Category Archives: hedging

Sweeping for cash in the hedges

Natural gas producers in the US are faced with tough choices. Advances in drilling technology have made low cost production from shale resources viable on a large scale, and the industry has been in a race to lay claim to the most valuable properties and to capture a competitive advantage in mastering the technology. But at the very same time, the price of natural gas has collapsed, erasing profits. This has pinched budgets and forced companies to be creative in finding fresh sources of capital. It has also forced companies to re-evaluate development plans and resource acquisitions.

The price of natural gas in the US has been falling almost continuously since mid-2008 when it peaked at over $13/mmBtu.
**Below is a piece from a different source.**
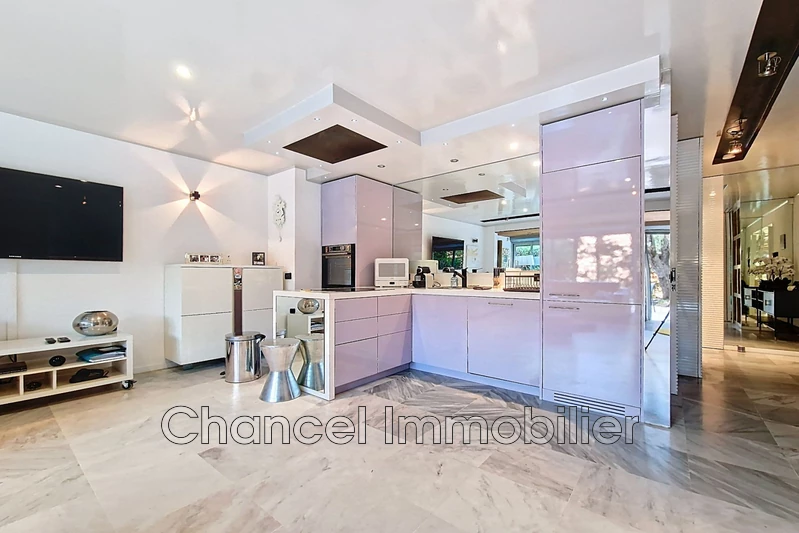 Vente appartement Juan-les-Pins  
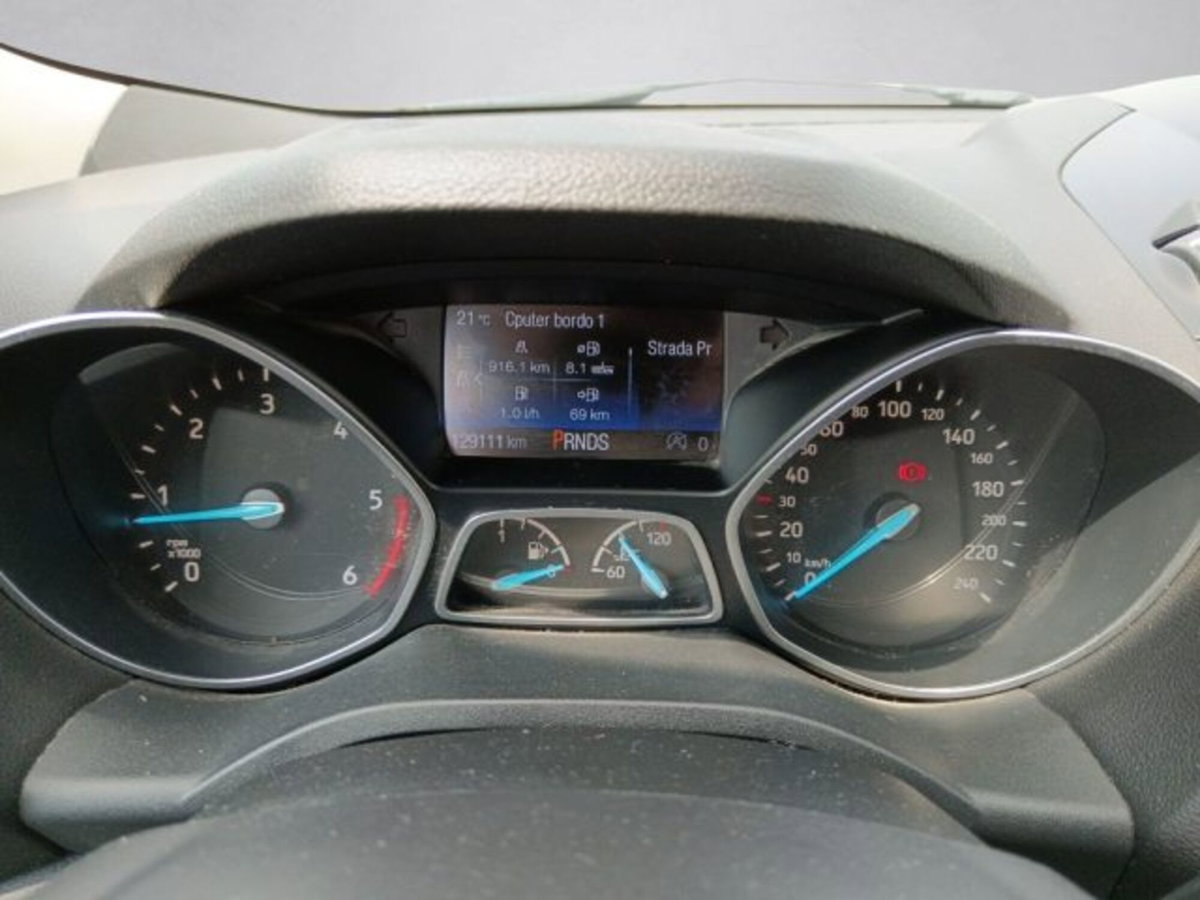 Ford Kuga 2.0 TDCI 120 CV S&S 2WD Powershift Business (10)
It now lies just above $2/mmBtu.

Despite the falling price, natural gas production in the US has continued to climb. According to data from the EIA, between July 2008 and January 2012 US production increased 17%. Companies have been slow to adjust their expansion plans to the falling price. Finally, in late 2011 and early 2012, companies have begun to adjust their capital expenditures to the current low natural gas price reality. Gregory Myers has reported on this in the Financial Times, citing decisions at Chesapeake Energy and ConocoPhillips. In 2011, Encana Corp finally confronted reality and abandoned its 2008 pledge to double production.

Even as capital budgets are cutback, companies still face a need to raise new cash. The new technologies can also be applied to production of unconventional oil resources, like the tight oil in North Dakota’s Bakken Shale or Texas’ Eagle Ford Shale, as well as to development of liquid rich gas fields. Since the price of oil remains high, it can pay to develop these resources. But many natural gas companies with experience in the new technologies find themselves cash poor due to the low operating profits on their gas properties. Cash poor, and prospect rich.

These companies are selling their traditional gas assets to buy higher value shale deposits. Equity issuance is also at historically high levels. Dealogic estimates that share issuance by the sector represents one-fifth of all the US equity raised this year.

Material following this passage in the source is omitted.